Former Music Industry Exec Says Album Prices Should Be Drastically Lower
from the he's-onto-something... dept
Robert Katz was the first of a whole lot of you (really, this may be the story with the most submissions ever) to pass along the news that former Warner Music UK boss Rob Dickins is suggesting that the record labels lower the price of albums all the way down to £1 — about $1.60. He points out that, at a price like that, it becomes much easier for people to buy. With the prices today, he says there’s simply too much of a mental transaction cost to determine if people are willing to pay the much higher amounts. Not surprisingly, others in the industry complained about his suggestion, first mocking him for presiding over Warner when the prices were so high (true, but that has nothing to do with what he thinks now) and then someone else tossing out the obligatory misunderstanding of the difference between price and value:
“A piece of music is a valuable form of art. If you want the person to respect it and value it, it’s got to cost them not a huge sum of money but a significant sum of money.”

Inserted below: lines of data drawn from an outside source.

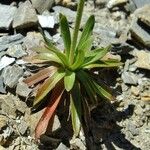 Armeria alpina Other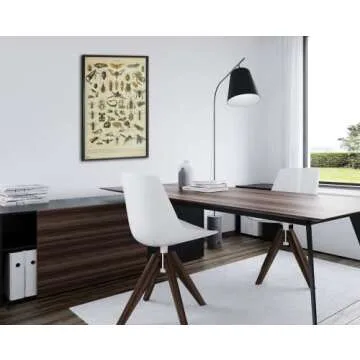 Monarch Butterfly Room Decor Colorful Papillons Chart Bookplate Retro Botanical Nature Animal Vintage Aesthetic Science Education Dorm Bedroom Cool Wall Art Print Poster 12x18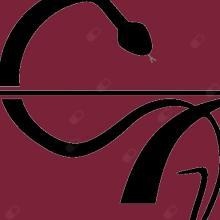 Ampliar imagem: Sandra Brás, Dentista Chaves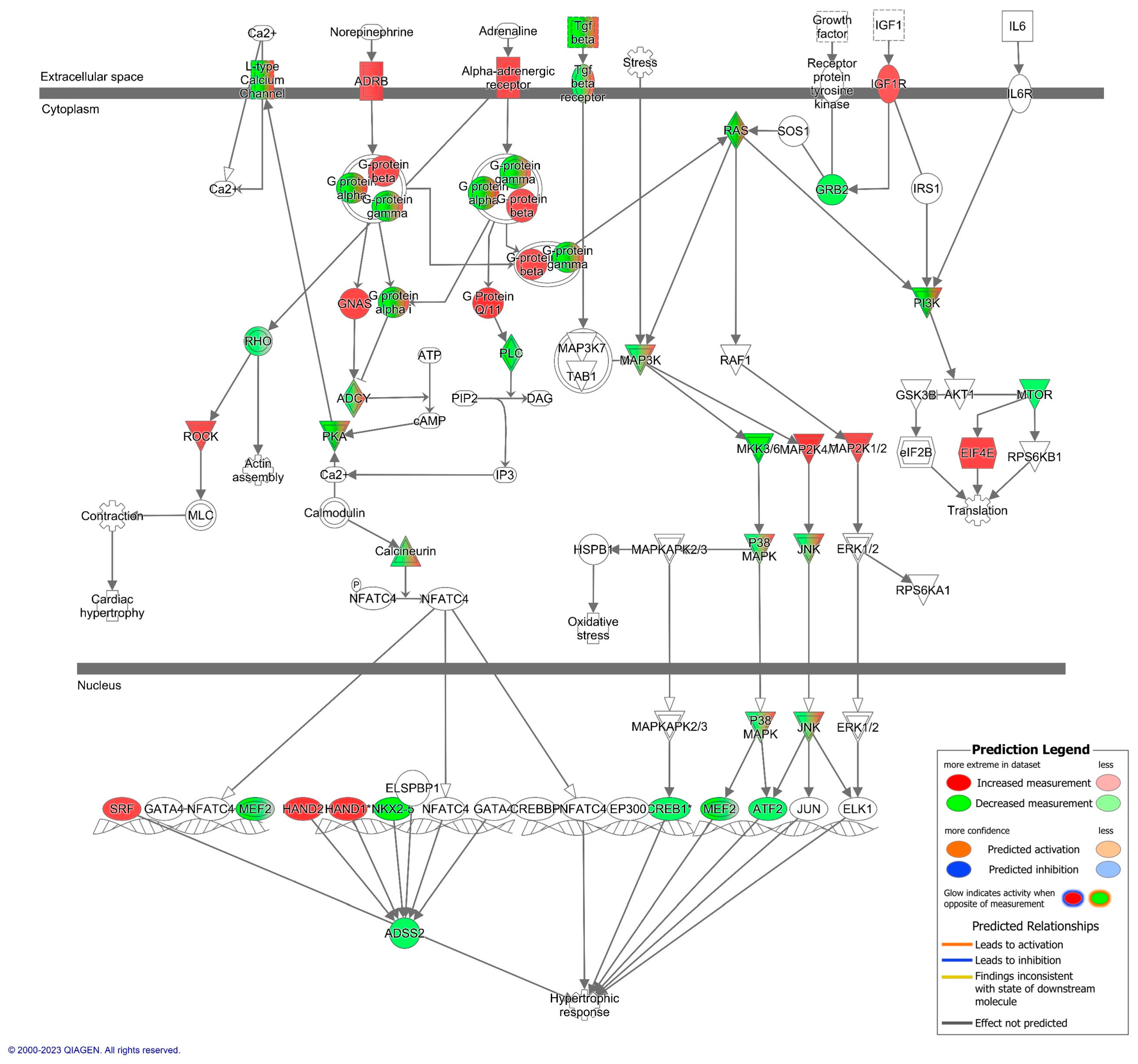 Biomedicines 11 02920 g003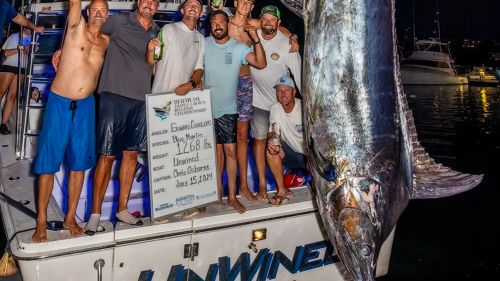 1,268-Pound Blue Marlin Caught During Bermuda Big Game Classic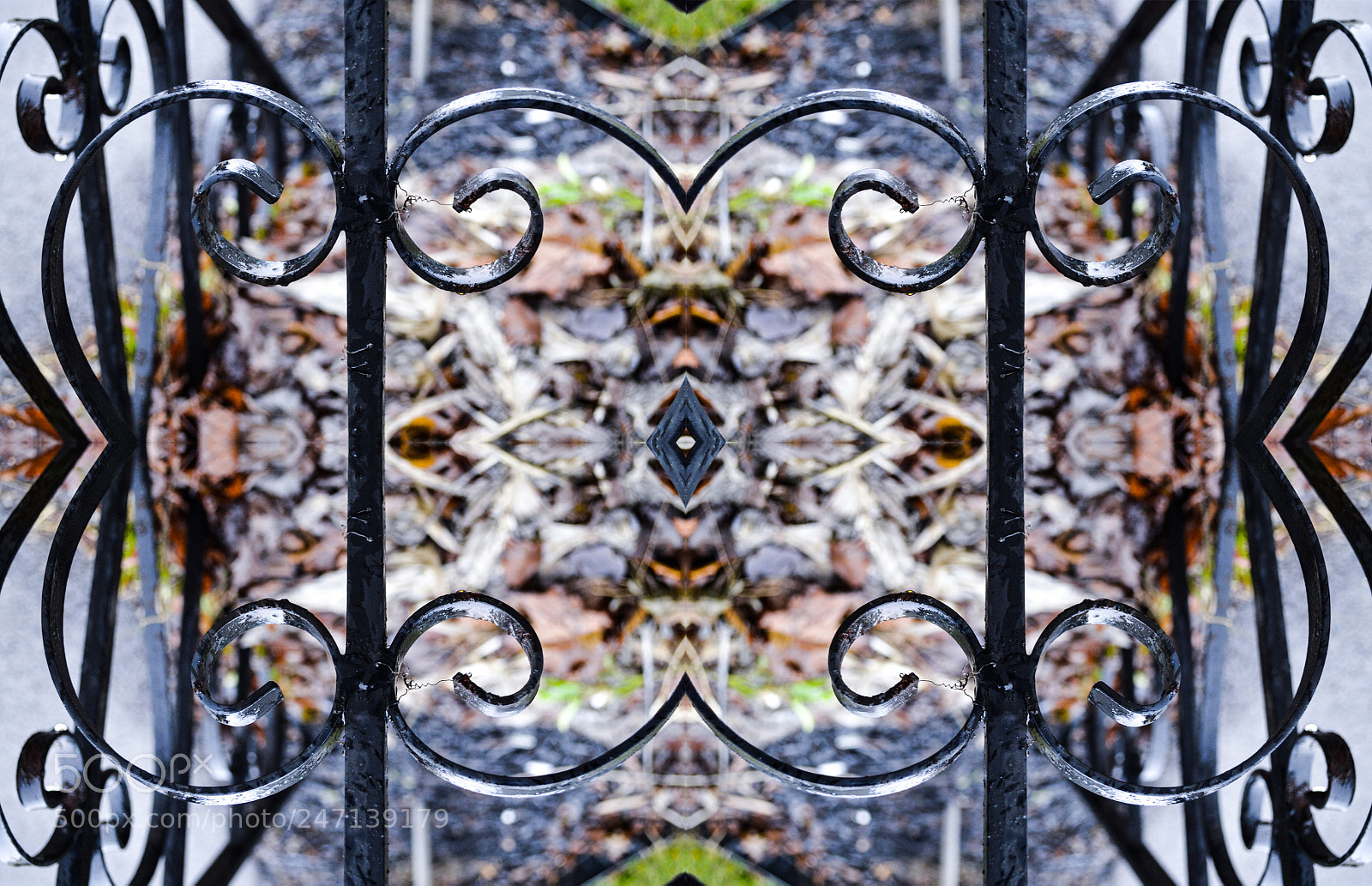 Nikon D3100 sample photo. Kaleidoscopic image photography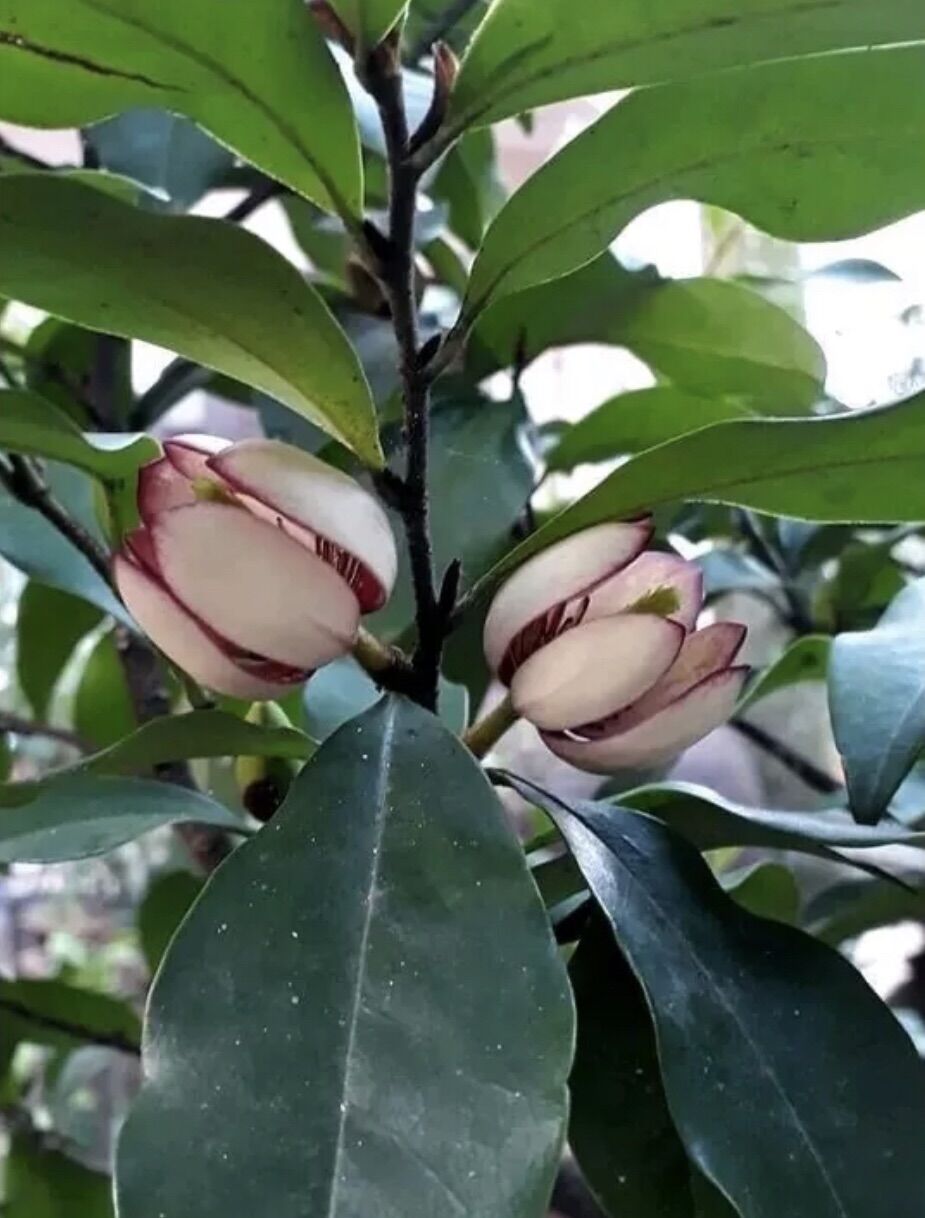 Hoa Lan tiêu giống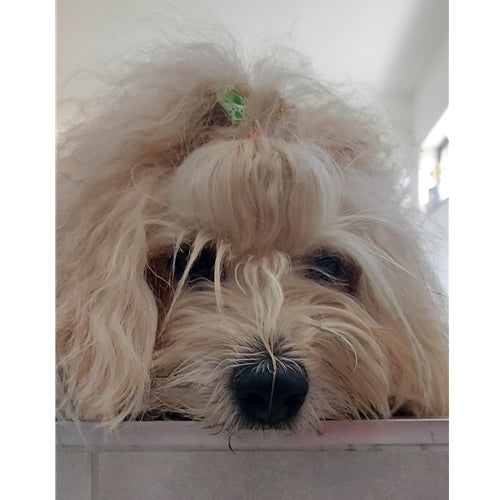 Mr.Pet spletna trgovina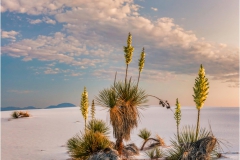 DSC4147-Three-Yucca-web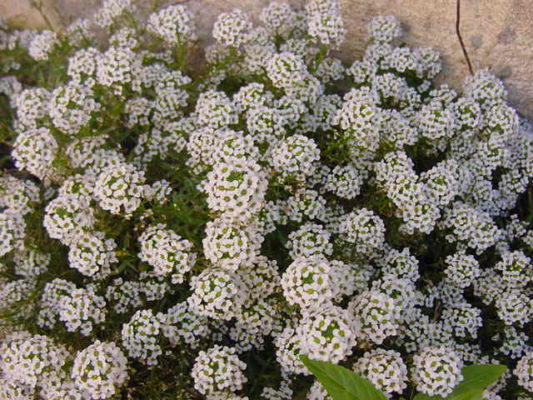 alyssum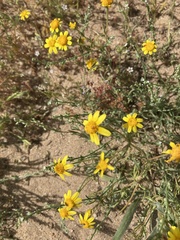 Eriophyllum ambiguum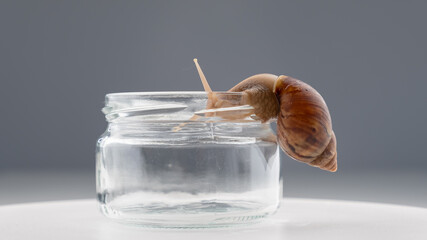 Close-up of a snail crawling on an empty glass jar on a white background. The use of shellfish in cosmetology.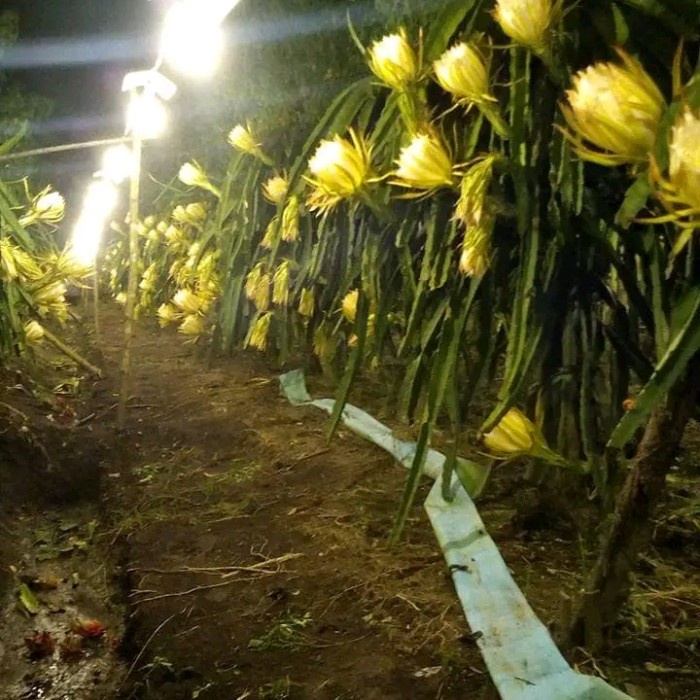 READY Bibit Tanaman Buah Naga Kuning Golden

Yeah, so that’s not how value works, actually. And the problem, which Dickins appears to have figured out, but Jonathan Shalit who made the quote above has not, is that whether you like it or not (and whether it is legal or not), music today is already competing with free music online. So, it’s not a question of “value,” but of market prices.
Dickins seems to recognize the actual economics at play here, noting that by making albums so cheap, the number of sales would shoot way up, offsetting some of the price decline when it came to revenue and getting more people more interested in more acts, leading to greater revenue from alternative sources like concerts and merchandise. Of course, plenty of folks have been suggesting this same thing for years, but it’s nice to see an “insider” get it, even if he’s mocked by those who are still confused about these things.